Une Europe qui avance à l’abandon de son frère prolétaire soumis aux mêmes arnaques de la récupération des droites militaires nous a déjà montré deux fois de quelle manière elle était capable de sombrer. L’uniformisation rapide ou progressive vers le capitalisme avec la somme des politiques que cela développe - jusqu’à refaire passer la Russie démocratique d’un Gorbatchev à un dirigeant issue de la classe militaire sans penser aux projets nationalistes populistes visés par la Bulgarie impatiente de faire son entrée au 1er janvier 2007 - ne préfigure pas de la meilleure des stabilités, n’encourage pas d’accorder plus loin notre confiance à une politique européenne dont les finalités iront à sens unique ni d’adhérer de près ou de loin à une Constitution qui mettrait en péril l’existence de la gauche dans des pays voisins.

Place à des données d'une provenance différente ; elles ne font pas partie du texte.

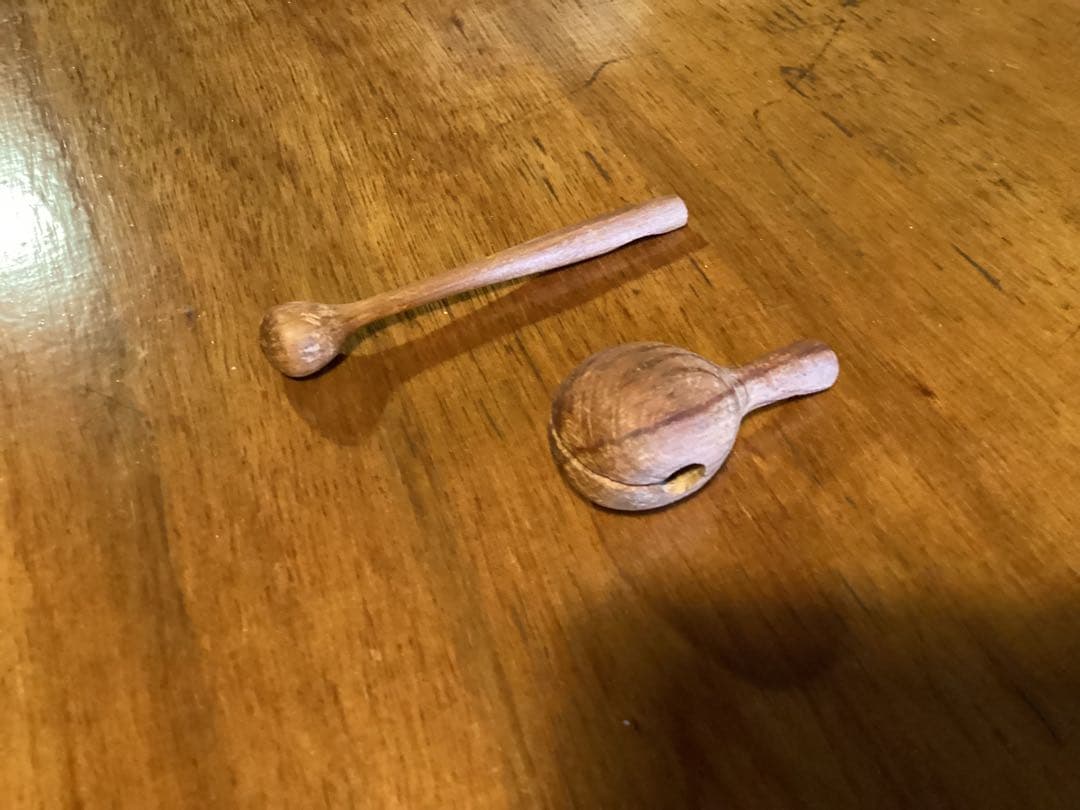 ハンドメイド　ウッドブロック　木柾　木魚　クラベス　7点セット 民族楽器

Dans ce cadre le « non » rappelle, invite et encourage à voter pour une autre Europe, une Europe qui serait différente de celle ambitionnée par les affairistes, une Europe qui irait encore plus loin dans sa conception humanisante puisque tel est l’un de ses buts revendiqués. Durant la campagne électorale - ils voulaient de la politique dans le débat, ils en auront eu -, le « non » a montré qu’il n’y avait pas qu’une Europe économique des marchés, cette Europe du libéralisme encouragée puis remise en question pour finalement être complètement décriée. Au fil de la vigueur qu’il aura pris, ce « non » aura fait comprendre qu’il demande que ce projet s’inscrive sur une autre échelle de valeurs que celle trop habituellement mise en avant sous l’argumentaire capitaliste car inutile de se leurrer mais une Europe qui avancerait sans que ne soit maintenue et préserver une solidarité prolétarienne est une Europe vouée à l’échec, une Europe qui court à sa perte, une Europe dans laquelle la société ne verra plus que le nœud coulant du capitalisme la pendre. Cette Europe de l’étranglement avec suffocation des plus pauvres à la clé n’est jamais évoquée que par des « nous nous en occupons, cela suivra, l’économique et le social avanceront ensemble » alors que si jusque là, rien de palpable de leurs efforts n’est remarquable ou si peu, pourquoi l’Europe constitutionnalisée permettrait d’améliorer cette situation au terme actuel où est considérée la main d’œuvre volante, flottante mais néanmoins bon marchée que convoite l’ensemble du marché européen prêt à licencier massivement dès que ses bénéfices seront compromis.